Why were you interested in American Auto?
I was attracted to this show because I have always wanted to do a workplace comedy. I think NBC does it incredibly well and after years of success with it, knows the structure. Justin Spitzer is coming straight off of Superstore, but he also wrote for The Office for a long time. Frankly, I just loved the pilot, I thought it was smart, and that it was an NBC workplace comedy, but for 2021. It had moved forward with regard to social issues and things like that; which I really appreciated.
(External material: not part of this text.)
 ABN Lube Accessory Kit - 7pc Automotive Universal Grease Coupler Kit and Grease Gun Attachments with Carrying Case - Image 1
Does it remind you of The Office or any other shows?
Obviously, it has a tonal quality or a structural quality that’s similar. Each show takes a minute to develop its own tone. I know Michael Scott was the boss. It was a paper company in The Office, it was lower stakes; it was a small, American business. This is big, big business. Our show is really calling out corporate culture and making fun of the people who are making these huge decisions. They are accountable to their shareholders and they’re accountable to the board, but apart from that, they’re making huge decisions that impact real people every single day. It’s kind of interesting to look at a workplace comedy more from the standpoint of corporate culture and what goes on and who these people really are that are making these massive decisions that impact all of us all the time.
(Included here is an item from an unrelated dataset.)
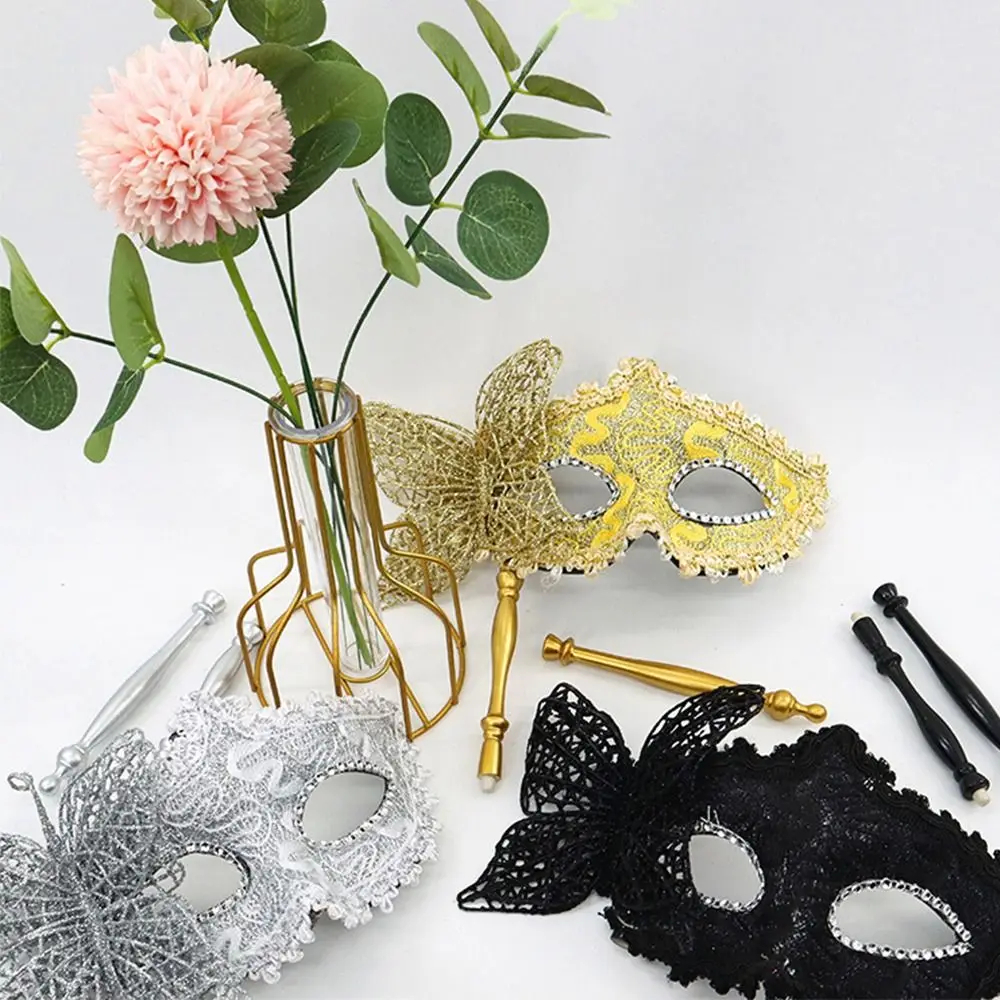 Venezianische Party-Handmasken mit Stab, Schmetterlings-Masken für Festival-Kostümpartys, Mardi-Gras-Masken mit Haltestab – Detail 5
How did you approach your character?
She’s a female CEO so there’s a lot to have fun with there because I think she is really competent but I think she’s also really trying to prove herself in essentially what is still a man’s world. Even though I know the opportunities are increasing for women in the workplace, not that many exist at the level that she does in that Fortune 500. I think there’s only like 8 percent or something of female CEOs still at this point. So, she’s got a lot of confidence but a lot of secret fear. Also, she comes from big pharma so she has quite a bit of swagger that she has no problem exercising.
What are some of your earliest TV memories that still resonate with you today?
The first real family tradition we had was gathering around the television for Carol Burnett on Saturday nights. I remember it very well from the ‘70s.
How important is it for you to be a role model for the next generation?
I remember when I was on SNL, a girl wrote me and said, “I’m Indian so my parents said there’s no work for me.” The reality is you can’t control who’s going to cast you or why, but that’s why I always say write, write, write, write, write because at least you’re controlling your own narrative around it. Certainly, with things like YouTube and TikTok, there are outlets that we didn’t have when we were little if you want to put your mind to it.
What type of work were you finding at the very start of your career?
I started booking voiceover jobs on radio commercials. To me, I may as well have won an Oscar for how meaningful that felt to me because I knew I was doing work that actors do and I was being paid, I was cashing a paycheck that was a professional paycheck. Again, it’s just what are those positive signposts. Walking out of an audition and getting feedback that you didn’t get the job but the casting director really liked you. You have to listen to the second part of that. A casting director who likes you, if you’ve proven yourself over and over again, they’re doing their job, too, and they want to be represented by the talent that’s good when they take it to the creatives.
What kind of feedback are you getting on American Auto?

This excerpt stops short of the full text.